# Regulatory Compliance Category > Consumer Protection Act Forum > [Question] The Consumer Protection Act in regards to deposits for services rendered .

## KevinW

Hi all , 

I am a web designer / developer . My concern is that when I meet a new client we discuss the website they are looking for and we discuss pricing . I then draw up a contract and ask for a 50% deposit before I start doing the work . I then keep the client updated on the work I am doing and give them access to the website as I build it . I am always worried that once I have completed the site or get halfway they turn around and say they dont want to use me anymore for whatever reason ( even after having been in agreement with the work up to that point ) and then demand the deposit back . Can they do that , If I have put so many hours into developing the website to that point , Do i then just have to hand over the deposit and lose the time I have put in . What does the consumer protection act have to say about this sort of situation ?

----------


## HR Solutions

Difficult one this one, but personally I would not pay 50% deposit to a web designer, due to bad experiences.  I will tho pay them the 50% deposit once they have set up my site before it goes live, so that I can see if we are both working on the same page.

----------


## BusFact

I don't think you have a concern. The deposit you are referring to is a prepayment or down payment. Its not a deposit you make to a bank or against an item you hire. If you are worried, change the wording to say "50% payment upfront". That will remove any ambiguity. Mention too that it is not refundable, if that also concerns you.

----------


## HR Solutions

> Mention too that it is not refundable


So if I pay a person to do work and give them a "non refundable" deposit, I will not get it back if the work they do is terrible !  I would NEVER do that - what protection does the customer now have ?? That goes directly against the Consumer Protection Act.

----------


## KevinW

> Difficult one this one, but personally I would not pay 50% deposit to a web designer, due to bad experiences.  I will tho pay them the 50% deposit once they have set up my site before it goes live, so that I can see if we are both working on the same page.


Thank you for the reply , I have also had bad experiences with clients before we started asking for deposits . I would do a whole lot of work and get most of the site done only yo be told they do not have the funding available and would contact us when they so . 

I have a portfolio of work done and clients always play an active role in the development of the site from day one . As I said we always post live updates for them to check and any changes required are done in the development phase . 

I have not had this problem before where someone has asked for a deposit back , But it does concern me .

----------


## KevinW

> I don't think you have a concern. The deposit you are referring to is a prepayment or down payment.
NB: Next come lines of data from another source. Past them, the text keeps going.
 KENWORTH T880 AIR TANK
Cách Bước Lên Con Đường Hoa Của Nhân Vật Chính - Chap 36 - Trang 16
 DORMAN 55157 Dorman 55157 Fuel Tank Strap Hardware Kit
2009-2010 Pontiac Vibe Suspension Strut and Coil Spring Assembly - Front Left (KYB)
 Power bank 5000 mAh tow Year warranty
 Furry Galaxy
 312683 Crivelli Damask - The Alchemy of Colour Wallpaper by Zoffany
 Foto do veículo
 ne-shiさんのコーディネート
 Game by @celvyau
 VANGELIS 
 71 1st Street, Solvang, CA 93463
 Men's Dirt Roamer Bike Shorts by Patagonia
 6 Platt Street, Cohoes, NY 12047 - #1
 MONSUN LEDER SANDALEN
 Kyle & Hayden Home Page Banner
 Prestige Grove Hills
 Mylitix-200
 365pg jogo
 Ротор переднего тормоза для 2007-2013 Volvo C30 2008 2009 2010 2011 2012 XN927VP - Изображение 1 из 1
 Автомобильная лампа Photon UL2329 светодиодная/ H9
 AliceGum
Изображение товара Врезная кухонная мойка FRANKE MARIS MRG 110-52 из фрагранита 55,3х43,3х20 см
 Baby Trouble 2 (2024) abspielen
Its not a deposit you make to a bank or against an item you hire. If you are worried, change the wording to say "50% payment upfront". That will remove any ambiguity. Mention too that it is not refundable, if that also concerns you.


Thank you for the advice .

----------


## KevinW

> So if I pay a person to do work and give them a "non refundable" deposit, I will not get it back if the work they do is terrible !  I would NEVER do that - what protection does the customer now have ?? That goes directly against the Consumer Protection Act.


I agree , There should be protection for the customer but in the same way should there not be some sort of protection for the supplier also . I do not want to do a major part of the site and then be told they cannot afford it anymore or they do not want a website anymore . I think my work is good and I take pride in what I do . If a client is unhappy with any aspect of the site we make the changes until they are happy.

----------


## GertH

KevinW, from a web designer / developer position, make sure your contract is perfect and make sure they sign it BEFORE you do ANYTHING.

From a client position, do your research. Make sure the web design company can do what you want them to do and make sure you explain everything BEFORE the project starts. Don't inform them of an entire new page you want designed on your website when the project is already half way done. This will ALWAYS result in extra fees, well at least if you deal with a proper digital agency.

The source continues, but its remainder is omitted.